They are fantastic but I worry about the maintenance and the sizing. It would be difficult to try a new brand by mail order due to the possibility of having to exchange them. If I had a local dealer to get my first pair it would be easier to purchase on line with the next pair.
They are tempting though.


----------



## Owen Meany (Jul 10, 2008)

WOW, Props to Herring! Over the past (6) months I have been reaching beyond my AEs and Aldens, the former because of styling and the latter due to quality control issues. I got my first pair of English shoes (C&J) through Brooks Bother and was treated to a fantastic split toe of remarkable shape, quality and understated good looks....anyway, it seems every effort I have made to build upon my English collection has fallen flat due to stock supplies and the like...

Then I saw this post, went to the Herring site, found a pair of monks I liked and (4) days later - from the UK to Los Angeles - the are here! I have purchased many shirt from the UK and none have every arrives to quickly!
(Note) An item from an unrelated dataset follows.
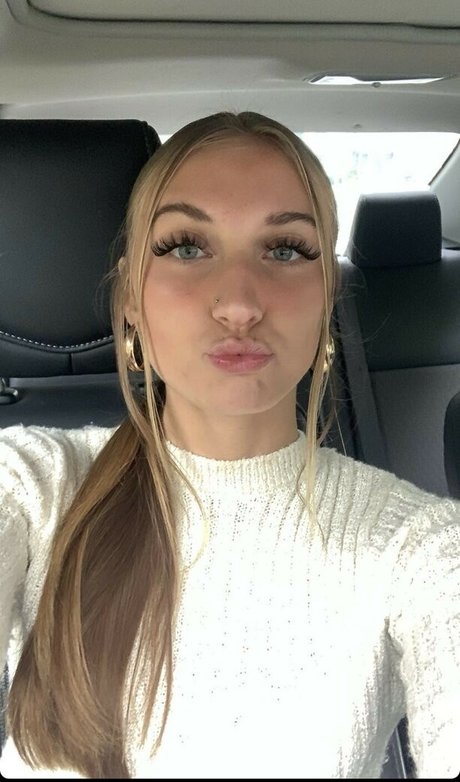 Jessthejawn pornstar top image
Herring as earned a new customer....thanks, jtb (I'll report on the shoes separately - Trickers' Monk)


----------



## Andy (Aug 25, 2002)

I've worn these shoes around the house just to make sure everything was good, but on Friday night I wore them out to the McCallum Theatre in Palm Desert.
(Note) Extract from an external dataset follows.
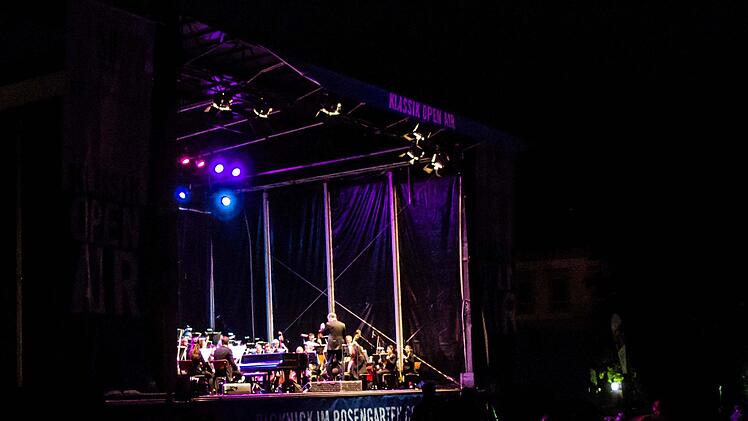 Impressionen vom Coburger Klassik-Open-Air im Rosengarten mit dem Philharmonischen Orchester des LandestheatersFoto: Jochen Berger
The shoes fit perfectly, felt great and had no lines (wrinkles) on them at the end of the evening!! I finally found the right size!

This is a great theatre and if you're ever in the Palm Springs area just go! Doesn't matter what's playing it will be a wonderful concert and a fantastic experience. Doesn't hurt that an AskAndy Member is in charge of productions! We saw Michael Feinstein and Tyne Daly.


----------



## sclemmons (Mar 4, 2006)

Jay Koz stocked a line of shoes much like these when he had his store on 2nd Avenue. They came with shoe trees in them, and I bought four different pair, including a pair of spectators much like these, a suede wing tip, a brown wing tip, and a brown spectator with foxing holes the size of shirt buttons. Don't know whether these were they or what they were, but he upgraded to Edward Green and dropped the line. It would be great to have a resource to acquire the JK products again.


----------



## Claus (Apr 8, 2010)

Sator said:


> I don't think that UK shoes run big, rather it is the conversion tables that are incorrect. Most people are much better off converting US size to UK size by subtracting 1.


This is also my impression.

Simple maths tells us that this is true. The _American Apparel and Footwear Association_ (previously called _Footwear Industries of America_) suggest to follow this formular:_

Men's size (US)_ = Last length in inch × 3 - 24

The English system follows the formular:

_Adult size (UK)_ = Last length in inch × 3 - 25

Simply substraction tells that the difference is one full size.

Also, there's a study by the _Shoe and Allied Trade Research Association_, Northamptonshire:


> The American system is also confusing because, although using inches, they start one-twelfth of an inch smaller than the English system, causing the American size to be one-quarter of a size smaller. This is further complicated because the actual size scale marked on the footwear is much larger. Women's shoes tend to be 1.5 sizes larger, but men's shoes are only 1 size larger than the equivalent English fitting.


Reference: "Settling footwear complains" by Parker, K., Tailby, S., and Weston, A.


----------